An April 15, 2005, press release issued by the Florida Department of Law Enforcement, "which spearheaded the program, announced the program's shutdown. In 2003, a top Florida police official told the Washington Post that the program was so powerful that it was 'scary' and that 'it could be abused. I mean, I can call up everything about you, your pictures and pictures of your neighbors.'" [2]


MATRIX came under scrutiny in November 2003 by the American Civil Liberties Union (ACLU), as the new program was seen as a revival of Total Information Awareness.

"On October 30, 2003, the American Civil Liberties Union (ACLU) filed simultaneous requests in Connecticut, Michigan, New York, Ohio and Pennsylvania for information about those states' participation in the 'Matrix program. ... In addition to the five states named above, four other states are participating - Alabama, Florida, Georgia, and Utah.

"The ACLU's requests seek to find out the information sources on which the Matrix is drawing; who has access to the database; and how it is being used. They were made pursuant to each states' Freedom of Information Act (FOIA).

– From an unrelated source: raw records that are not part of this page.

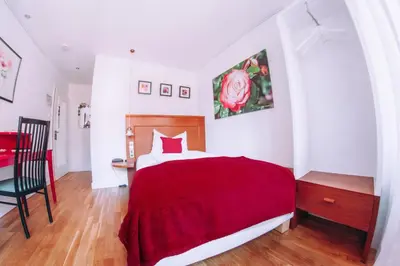 Ein Bett oder Betten in einem Zimmer der Unterkunft Hotel Zum Ochsen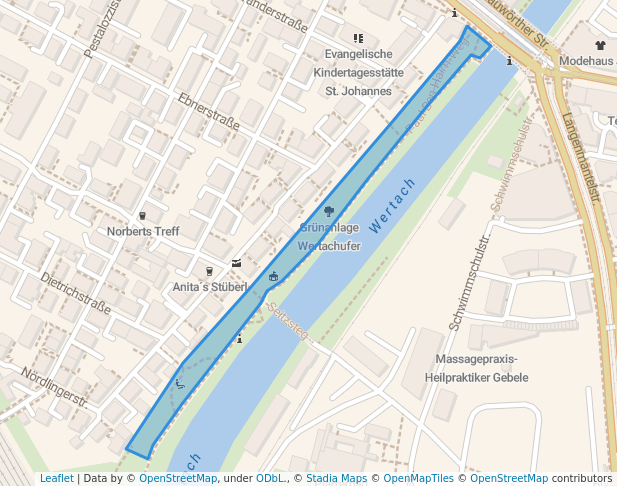 Grünanlage Wertachufer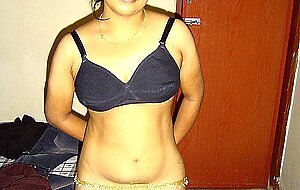 Indian Solo Girl Neha Stands Totally Clothed, Hairy, Indian, Skirt, Tiny-Tits
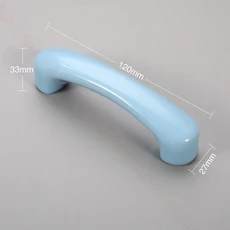 세라믹 캐비닛 손잡이 스타 옷장 핸들 정원 위한, 96mm handle blue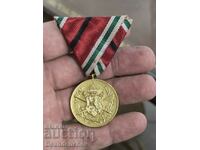 Medal WW1 1915-1918 with black stripe posthumous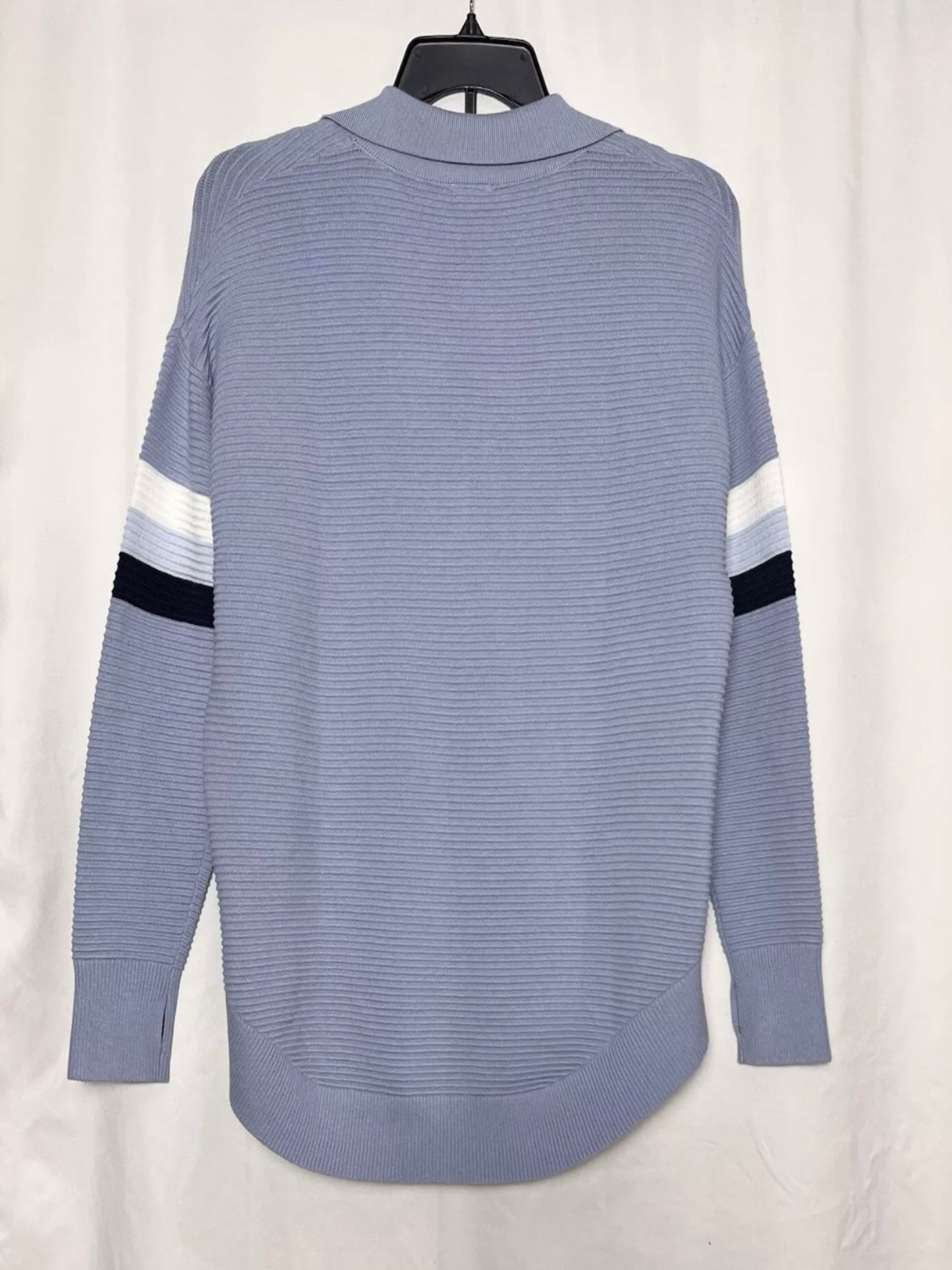 Offline By Aerie Women's Oversized Home Stretch Polo Sweatshirt Monaco Blue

Previously, in October, the ACLU had sought similar information under the federal version of FOIA, and in Florida, where the program originated." [3]

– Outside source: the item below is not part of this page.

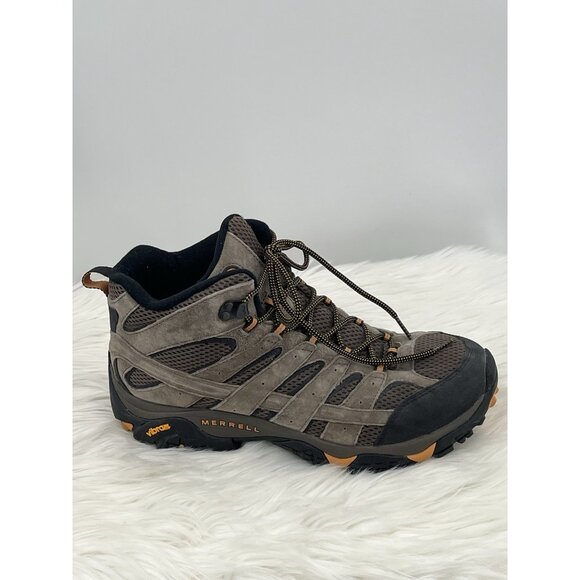 Men’s Merrell Mid-Hiking Boots Size 11.5 Wide Vibram Sole J06045W Outdoor - Picture 2 of 16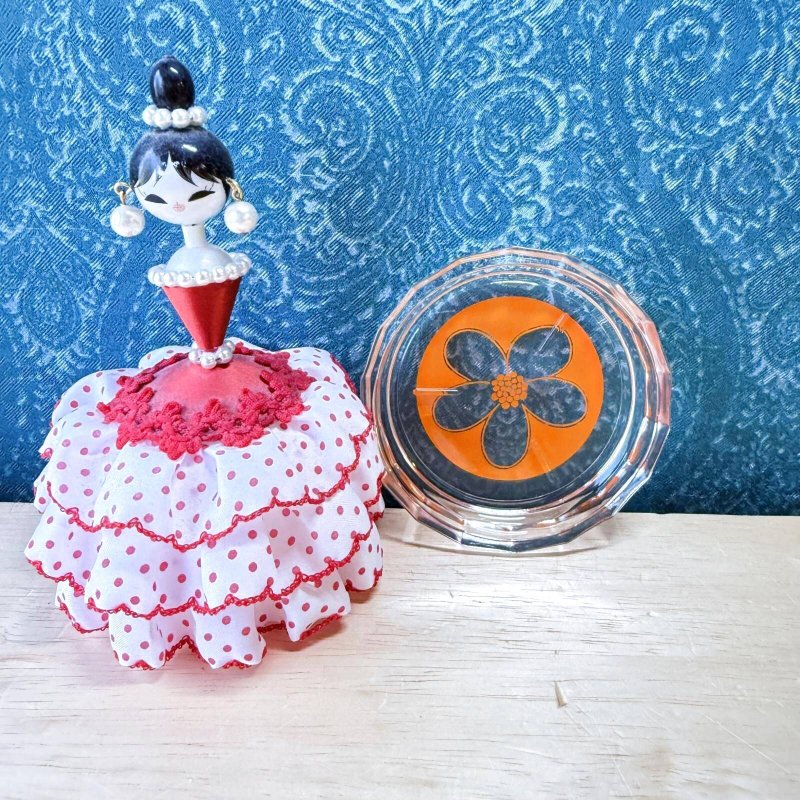 画像6: ガラスのコースター　豆皿　お花柄　イエロー　オレンジ　各種　 (6)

What The Matrix Is, and How It Works

"The Matrix is run by a private corporation -- Seisint, Inc. of Boca Raton, Florida -- on behalf of a cooperative group of state governments. However, it is, at least in part, federally funded -- and may, in future, allow federal access.

"The program has received $4 million from the Justice Department. It has been promised a further $8 million from the Department of Homeland Security. In addition, news reports indicate that Matrix officials have said they are considering giving access to the CIA.

"What does the Matrix do? According to Congressional testimony and news reports, it appears to do just what TIA would have done, if enacted: Tie together government and commercial databases in order to allow federal and state law enforcement entities to conduct detailed searches on particular individuals' dossiers.

"The Matrix web site states that the data compiled will include criminal histories, driver's license data, vehicle registration records, and significant amounts of public data record entries. Company officials have refused to disclose more specific details about the nature and sources of the data. According to news reports, the data may also include credit histories, driver's license photographs, marriage and divorce records, Social Security numbers, dates of birth, and the names and addresses of family members, neighbors and business associates.

"Moreover, there is no guarantee that the type of data that the Matrix compiles will not be further expanded. And information in today's commercial databases encompasses purchasing habits, magazine subscriptions, income and job histories, and much more. Soon, we may be profiled based on what we read and buy, and how we live." [4]

In March 25, 2003, Congressional testimony, a "Florida lawmaker, Paula B. Dockery, described how the Matrix works: It combines government records with information from 'public search businesses' into a 'data-warehouse.' There, dossiers are reviewed by 'specialized software' to identify 'anomalies' using 'mathematical analysis.' If 'anomalies' are spotted, they will then be scrutinized by personnel who will search for evidence of terrorism or other crimes.

"As with TIA, the idea is plainly that of data mining -- the concept that searches for patterns in this data (including so-called 'anomalies') that can identify individuals possibly involved in terrorist or other criminal activity. But as with TIA, this kind of 'data mining' may be ineffective, and has severe downsides, including its privacy costs." [5]


"MATRIX was developed by Hank Asher, a wealthy data entrepreneur and founder of Seisint. According to news reports, Asher called Florida police right after the [September 11, 2001] attacks, claiming he could pinpoint the hijackers and others who might pose a risk of terrorist activity. He offered to make this powerful law enforcement database available quickly, for free. Asher, reportedly a former government informant involved with drug smuggling, resigned from Seisint at the end of August following a series of critical newspaper reports - reports that also reminded Florida residents that it was Asher's former company, Database Technologies, that administered the contract that stripped thousands of African Americans from the Florida voter rolls before the 2000 election, erroneously contending that they were felons."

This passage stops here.